• **Available data**
********************

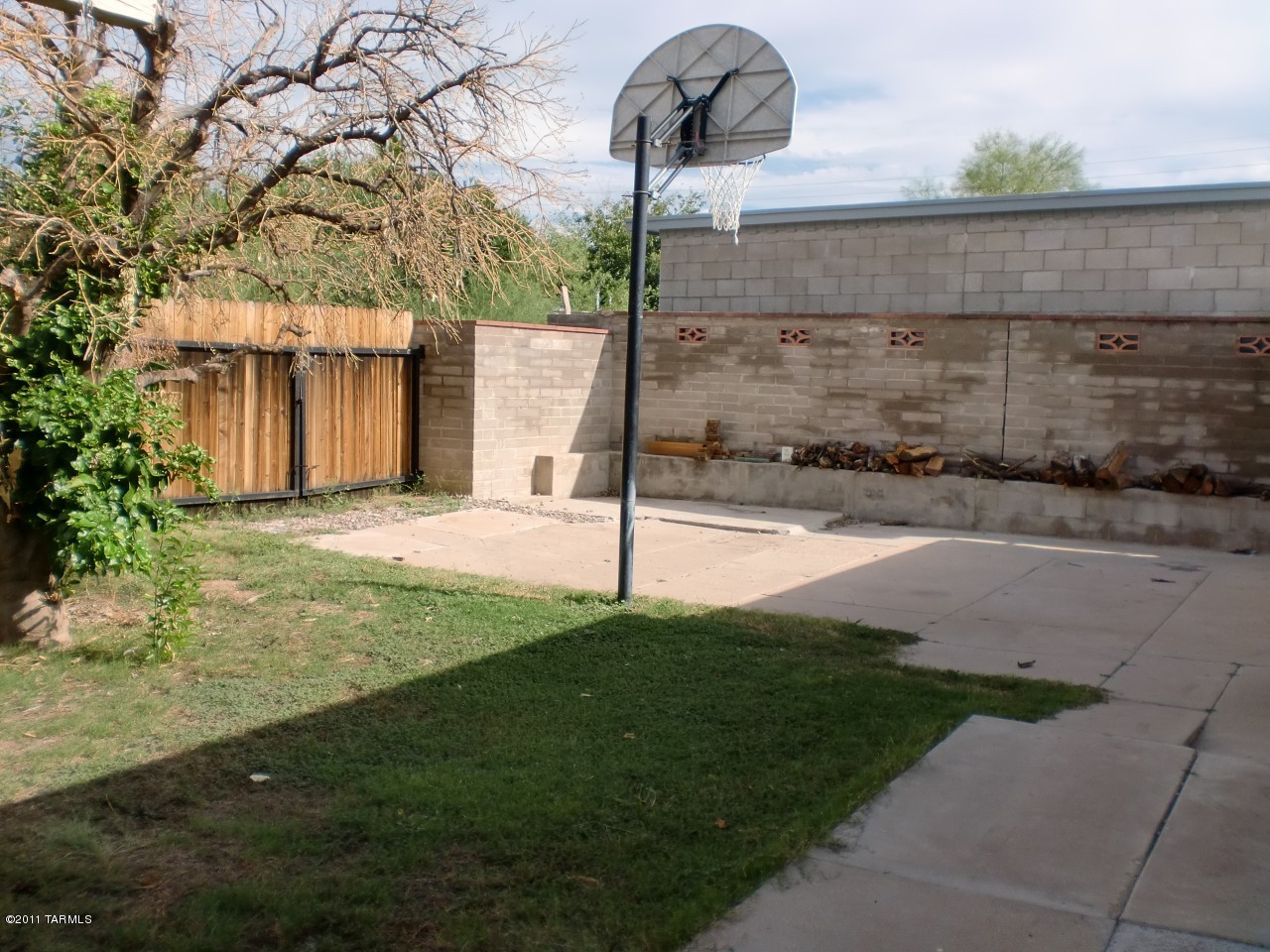 1132 N Avenida Marlene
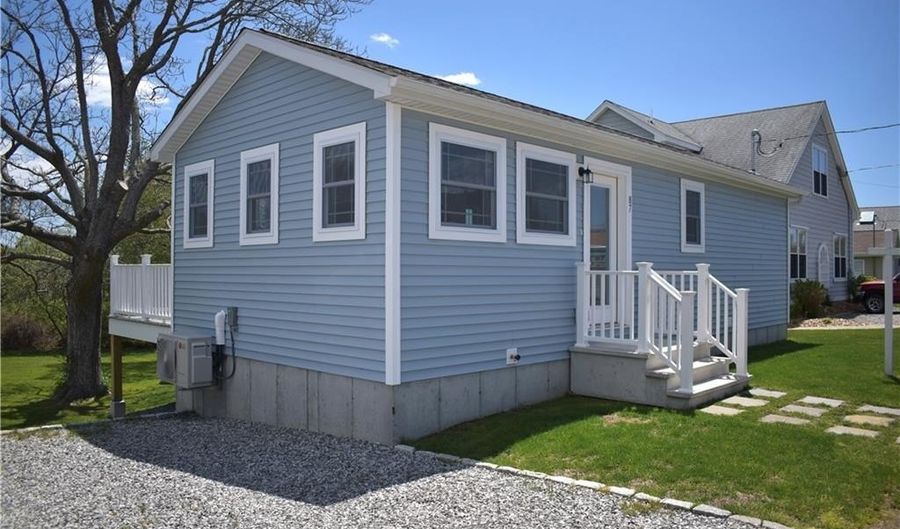 64 Burnside Ave, Narragansett, RI 02882 - 1 Beds, 1 Bath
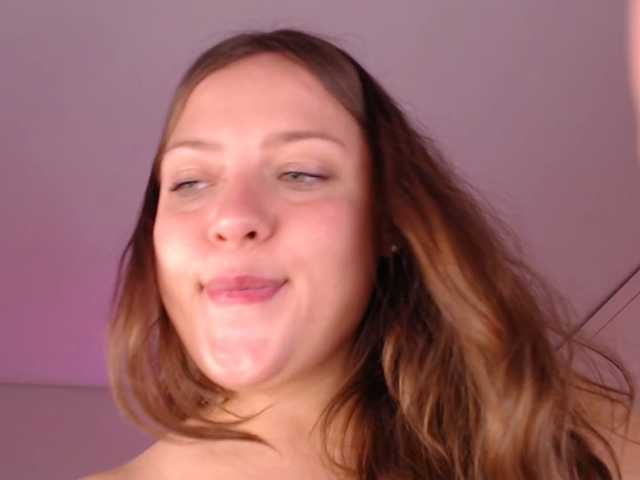 Krispyshot live cam on BongaCams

********************

Give every line above again exactly, omitting whatever pictures appear.

 1132 N Avenida Marlene
 64 Burnside Ave, Narragansett, RI 02882 - 1 Beds, 1 Bath
 Krispyshot live cam on BongaCams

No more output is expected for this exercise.